Les coupes rases : une catastrophe écologique
Le temps de la forêt n’est pas celui de l’industrie forestière : quand une forêt naturelle met plusieurs siècles avant d’arriver à maturité, un « champ d’arbres » met quelques dizaines d’années seulement avant d’être en âge pour passer à la scierie.
En France, les lois actuelles qui encadrent la gestion forestière sont beaucoup trop laxistes, et en décalage complet avec les ambitions affichées de lutte contre le changement climatique et de sauvegarde de la biodiversité. Les coupes à blanc de forêts de feuillus, notamment, suivies de plantations de pins Douglas dans un sol compacté par les immenses engins sylvicoles et pollué d’engrais et de pesticides chimiques, sont des pratiques absolument catastrophiques pour l’environnement : promenez-vous dans une monoculture de pins Douglas un jour de printemps, et vous serez consternés par l’absence angoissante de fleurs, d’insectes et de chants d’oiseaux…
Comme l’explique JC Génot , « la forêt est composée d’espèces autochtones d’âges divers, adaptées au sol et au climat local, issues de régénération naturelle, où vivent une faune et une flore spécifiques liées à l’ambiance forestière (…). Un champ d’arbres, à l’inverse, est une monoculture d’espèces allochtones d’âge unique, très pauvre en biodiversité forestière et fragile face aux tempêtes, aux insectes et aux herbivores. C’est un espace monofonctionnel dont le seul but est de produire de la biomasse pour l’industrie. »
Les plantations d’arbres : des effets néfastes sur le climat
Mais pour le scientifique il y a plus inquiétant encore : non seulement ces plantations de résineux ne permettent pas de lutter contre les effets du réchauffement climatique, mais elles les aggravent ! Une forêt gérée en cycle court va provoquer, par son exploitation en coupe rase, un « relargage du carbone contenu dans la biomasse, le bois mort, l’humus et le sol. » Tout le contraire d’une forêt que l’on laisse vieillir : en effet, plus les arbres sont anciens, plus ils absorbent de carbone.
De plus, selon le scientifique, une plantation de résineux « diminue la capacité des arbres à réfléchir les rayons du soleil, augmente la capacité des arbres à laisser passer la lumière et favorise l’évapotranspiration du sol. ».
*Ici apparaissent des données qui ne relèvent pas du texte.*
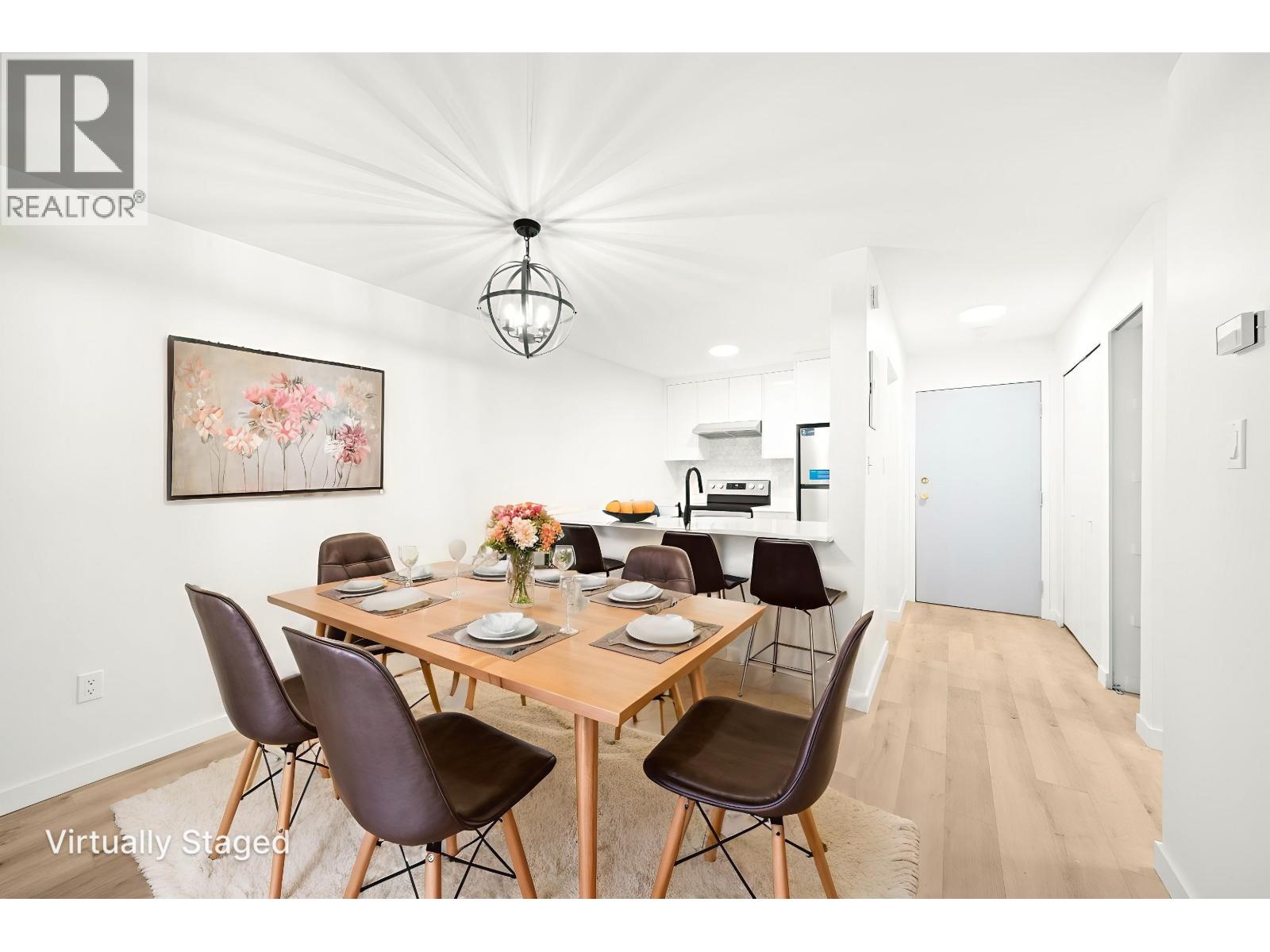 207 360 E 2nd Street, North Vancouver, British Columbia  V7L 4N6 - Photo 1 - R3062459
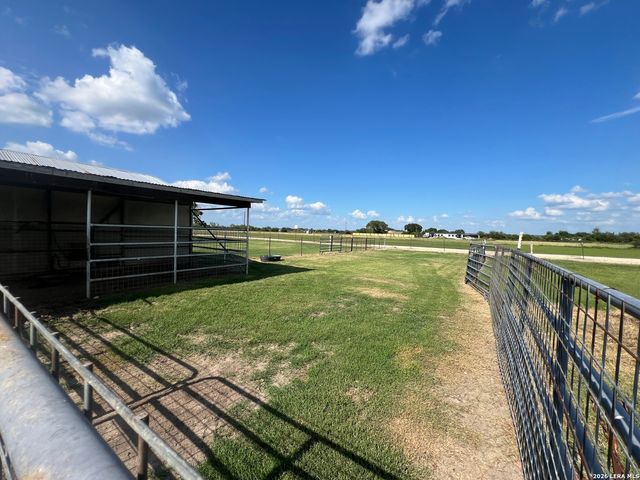 1797 W US Highway 90 East, Hondo, TX 78861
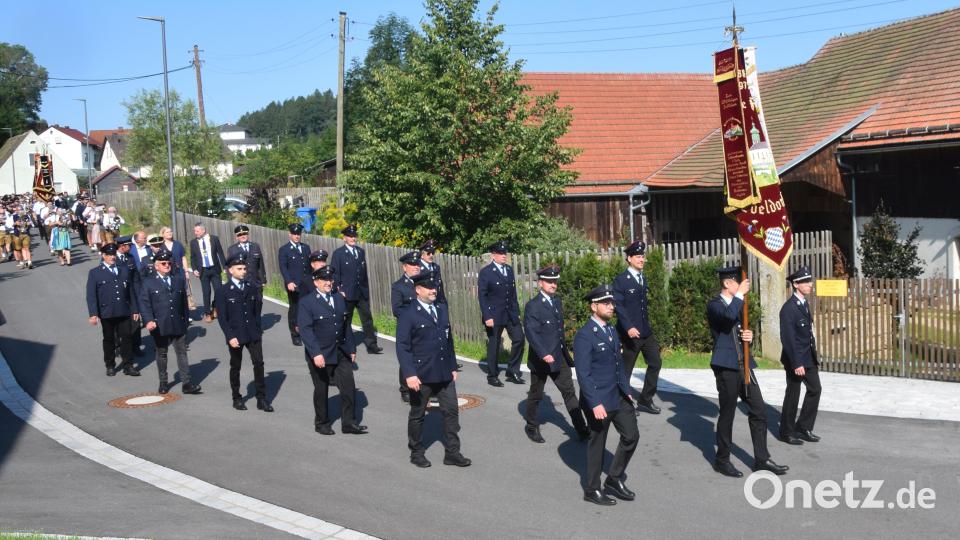 Von der Kirche aus bewegt sich der Zug mit der Feuerwehr Edeldorf an der Spitze zur Dorfmitte. Bild: fz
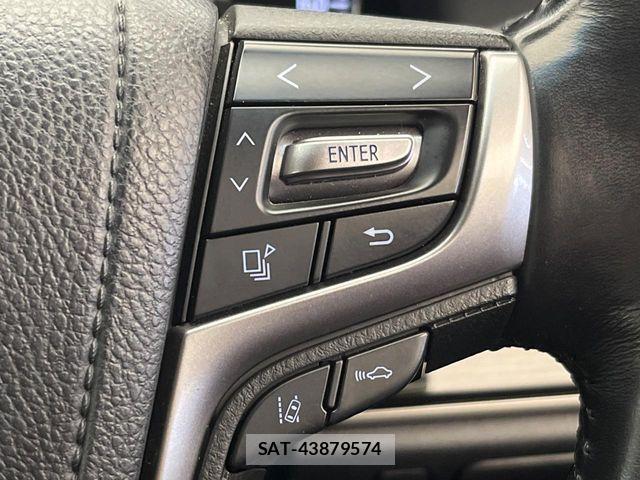 Toyota CROWN SEDAN 2018-01 7978891-7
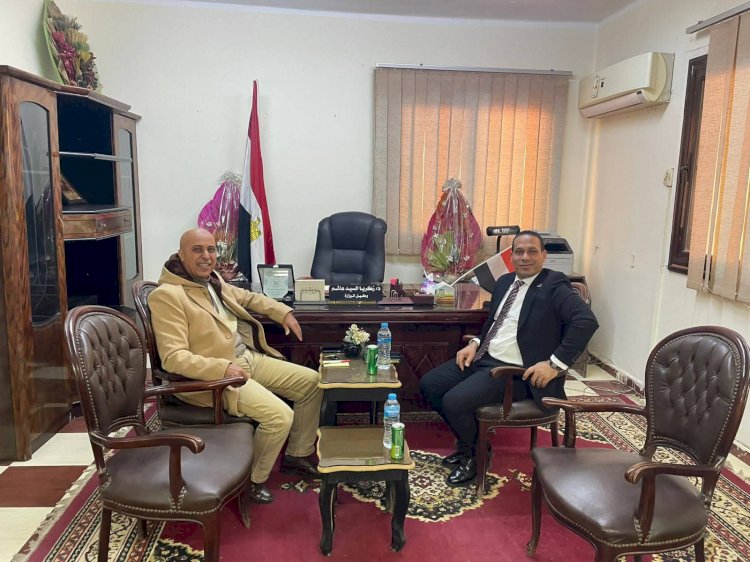 عبدالجليل يبحث مع بيطري الإسماعيلية سرعة تشغيل مجازر فايد لخدمة الدائرة الثالثة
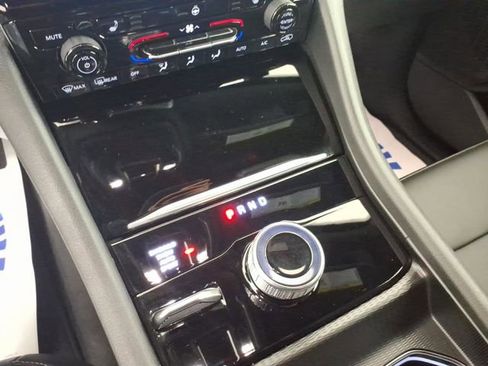 Used 2025 Jeep Grand Cherokee Limited AWD/4WD image 19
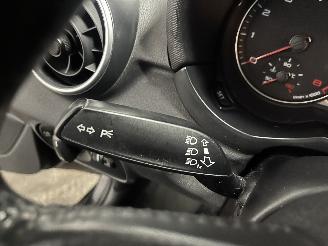 Audi A1 A1 (8X1/8XK) Hatchback 3-drs 1.2 TFSI (CBZA) [63kW]  (05-2010/04-2015)= picture 13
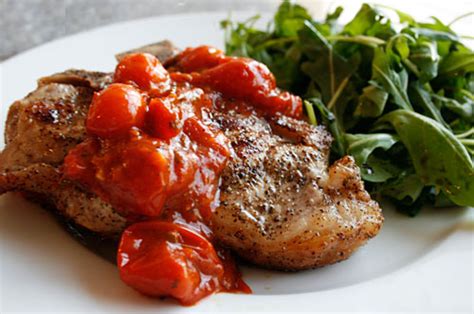 VEAL CUTLETS WITH TOMATO AND BASIL SAUCE | FriendsEAT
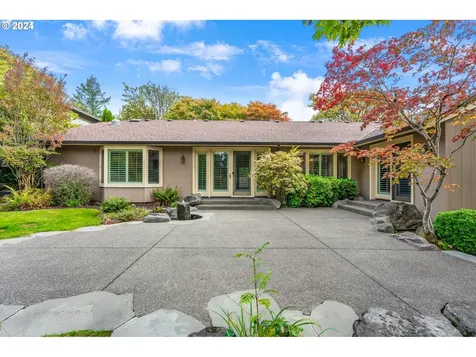 53 Touchstone Lake Oswego OR 97035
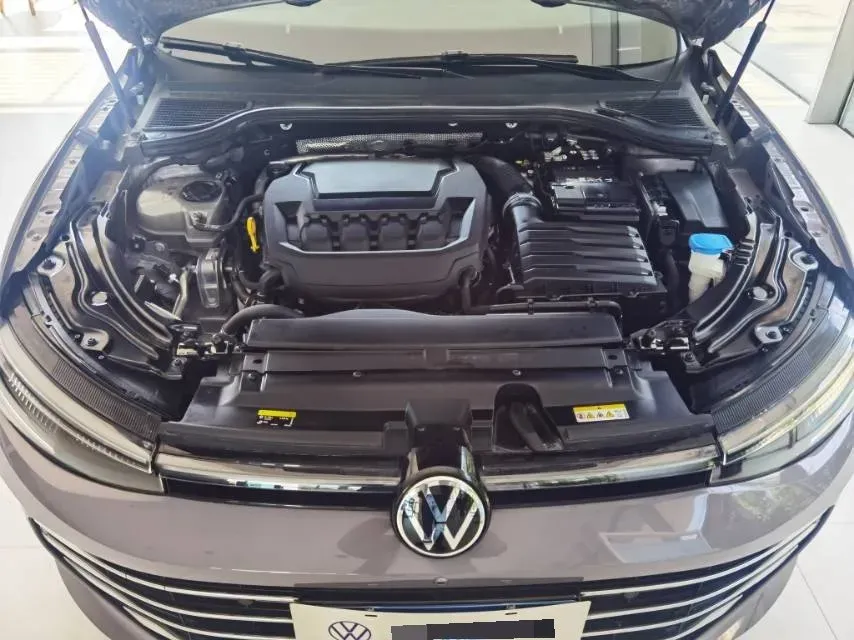 2025 Volkswagen Passat 2.0T 220HP L4 7DCT,autocango,china used car exporter,china ev exporter,chinese used car exporter,chinese used ev exporter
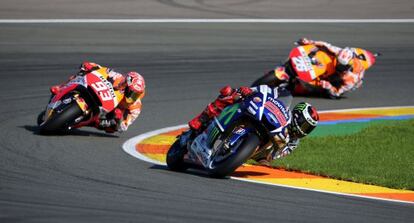 Lorenzo, M&aacute;rquez y Pedrosa, en la carrera de este domingo en Cheste. 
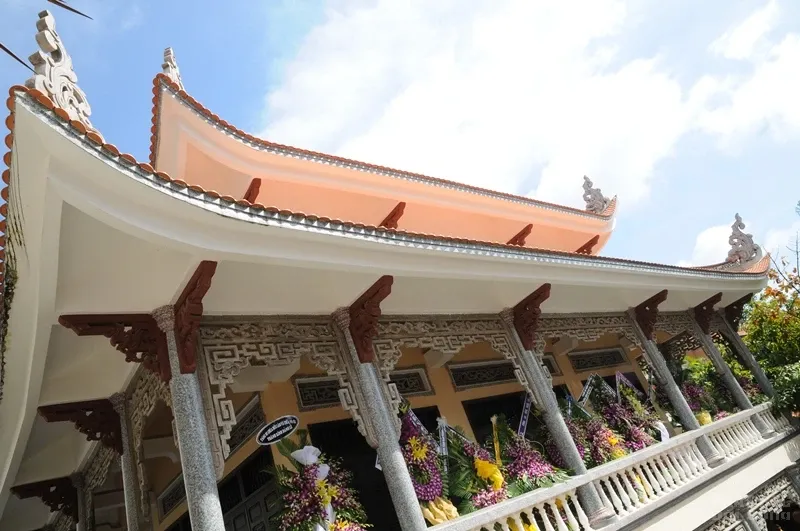 Hàng ngàn người cung tống kim quan HT.Thích Quang Đạo nhập bảo tháp image-1732286337938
Travaillons avec la nature, pas contre elle !
L’ASPAS, à sa modeste échelle, acquiert à travers son programme de Réserves de Vie Sauvage® des parcelles de forêts pour leur assurer une protection maximale, en libre évolution, échappant à toute exploitation. Ce faisant, nous voulons inciter nos gouvernants à en faire de même avec la forêt publique, notre bien commun à tous. Il ne s’agit évidemment pas de réensauvager la France entière (le bois est une matière première indispensable pour les activités humaines), il s’agit d’adopter une politique qui agisse avec la nature, et non pas contre elle : arrêtons les exploitations destructrices (coupes à blanc), préférons des techniques de sylviculture plus respectueuses des écosystèmes, et surtout : augmentons drastiquement le pourcentage de surfaces strictement protégées, pour redonner toute sa place au vivant !
Par ailleurs, de plus en plus d’études tendent à montrer que la régénération naturelle est généralement plus efficace pour lutter contre les effets des changements globaux et minimiser le déclin de biodiversité. La première action à mener par l’État devrait donc plutôt être d’encourager les pratiques permettant une telle régénération (qui en plus coûte moins cher à mettre en place) et seulement dans un deuxième temps de promouvoir la plantation d’arbres dans les zones trop dégradées, afin de réactiver le processus naturel de la reforestation spontanée.